INFORMATION SUPPLIED:
============

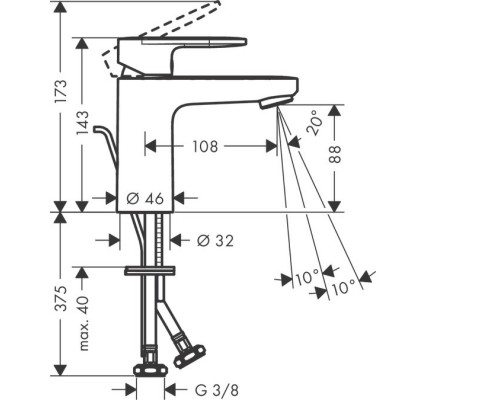 71558000 HG Vernis Blend смеситель для раковины 70,без донного клапана 71558000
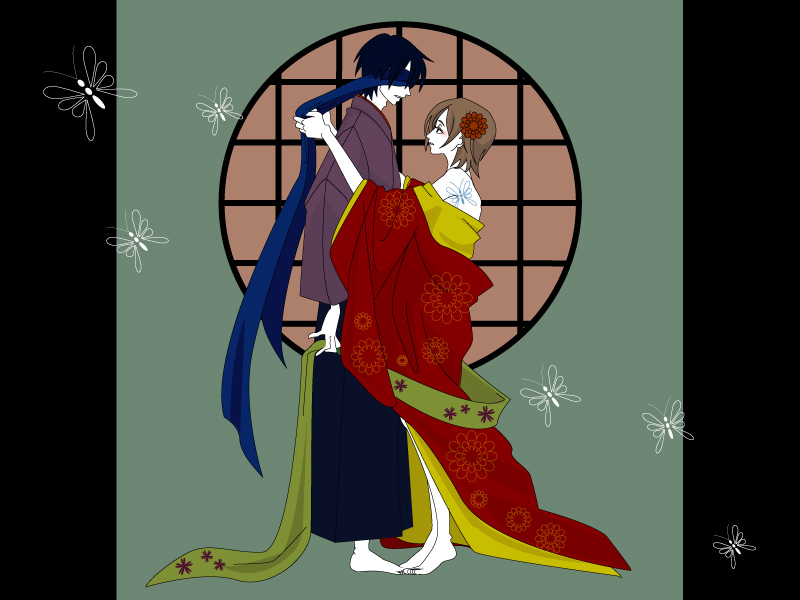 1girl barefoot blue_hair blue_scarf brown_hair bug butterfly couple flower haruichi_(haru123) hetero insect japanese_clothes kaito kimono meiko pillarboxed round_window scarf short_hair tattoo vocaloid window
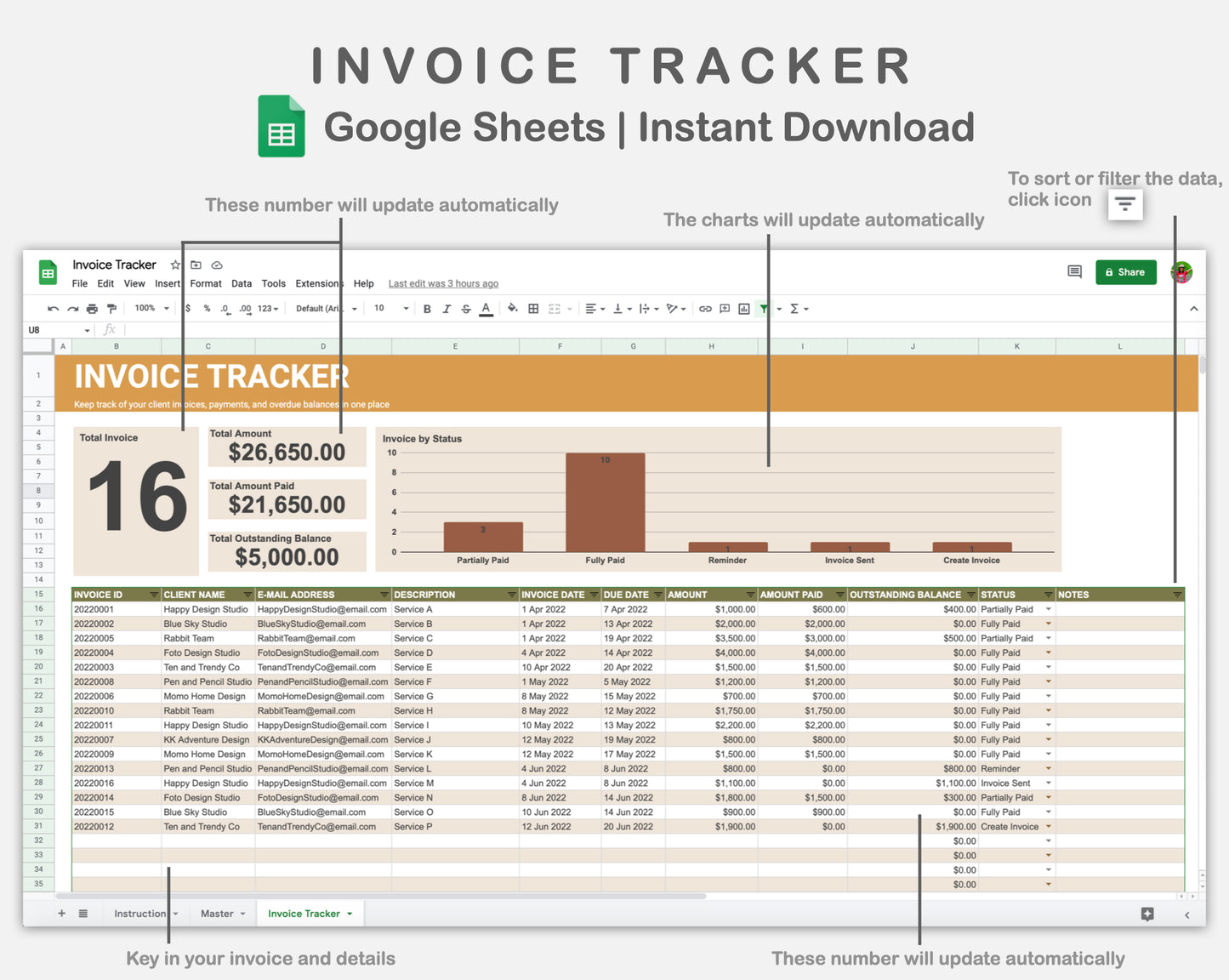 Google Sheets - Invoice Tracker - Boho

============

WORK INSTRUCTION: Return the material from above in full, exactly as written, with the pictures omitted.

EXERCISE RESULT:
 71558000 HG Vernis Blend смеситель для раковины 70,без донного клапана 71558000
 1girl barefoot blue_hair blue_scarf brown_hair bug butterfly couple flower haruichi_(haru123) hetero insect japanese_clothes kaito kimono meiko pillarboxed round_window scarf short_hair tattoo vocaloid window
 Google Sheets - Invoice Tracker - Boho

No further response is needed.